Who is responsible for the Blue Box Program?

Stewardship Ontario operates the Blue Box Program under the authority of the the Waste-Free Ontario Act, 2016. Stewardship Ontario is designated in legislation as an “Industry Funding Organization” in order to make it clear that it is the responsibility of industry to fund stewardship programs for various wastes.

Stewardship Ontario is accountable to the Resource Productivity and Recovery Authority (the Authority). An annual report provides detailed performance results along with an audited financial statement for public review.

Who pays for the Blue Box Program?

Stewardship Ontario receives no funding from government or taxpayers. The cost of running the Blue Box Program—collecting, transporting and processing your recyclables—is split between the municipalities that administer local recycling programs and the companies (or stewards) that produce the materials or products that end up in curbside recycling boxes.

What is a diversion rate?

The province’s diversion rate is calculated by dividing the amount of waste that is diverted away from landfill sites by the total amount of waste produced (including the amount sent to landfill). When the Blue Box program was launched in 2004, the Ontario Ministry of the Environment established a 50 per cent diversion rate, rising to 60 per cent in 2008. The Blue Box Program diverts almost a million tonnes of printed paper and packaging each year and continues to keep the percentage of waste that goes to recycling above the 60 per cent target rate.

Why should I recycle?

Recycling turns products that would otherwise become waste into new products or resources.

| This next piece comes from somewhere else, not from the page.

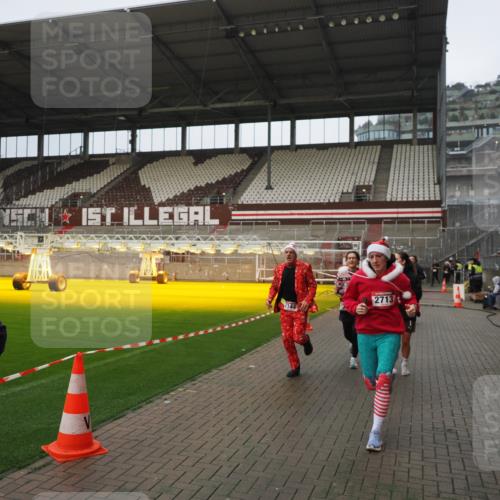 07.12.2025 - St. Pauli X-Mass-Run No. 15 Fabian Wolf http://msf.ph/oto/9420524 07.12.2025 11:40:26 Ziel 1756, 2144, 2713, 3554, 3824, 3825, 3850 meine-sportfotos.de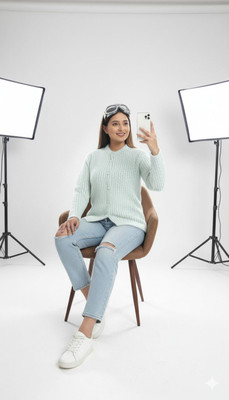 FASHIONLOOK Self Design Round Neck Casual Women Light Green Sweater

Reducing the amount of waste that goes to landfill addresses health and environmental concerns—and the shortage of landfill space. Recycling ensures useful materials aren’t wasted, and reduces the related consumption of raw materials and energy in manufacturing. Glass, for example, takes up to 4,000 years to decompose in a landfill site. When you take your Blue Box to the curb, you’re also helping to reduce greenhouse gas emissions that contribute to climate change, and protecting our natural resources from depletion. But you’re not only doing the right thing for our environment—you’re also doing the right thing for the economy. In addition to creating jobs, recycling creates a profitable market for recycled materials, an increasingly important commodity in today’s marketplace. 

How do I know when my Blue Box materials will be collected?

Check with your municipality. Many municipalities publish online collection calendars. 

How do I get a recycling bin for my household?

Contact your municipality to find out how your local recycling program works. In most cases, Blue Boxes (or their equivalent) are provided free of charge.

What happens to my recycling?

Once recyclables are collected, they’re sorted, baled, and either sold to processors or manufacturers that reuse the materials or recycle them into new products. The revenue individual municipalities get from selling these materials is used to help offset program costs, making the overall Blue Box Program more cost-effective for both municipalities and stewards. Learn More

Why aren’t some recyclable items accepted in my Blue Box?

Certain items are hard to recycle. Other recyclable items don’t have end markets, which means there are no manufacturers who want to use the recycled products in their manufacturing processes. As part of our market-development initiatives, we explore ways of processing hard-to-recycle materials and identify new markets for recycled materials.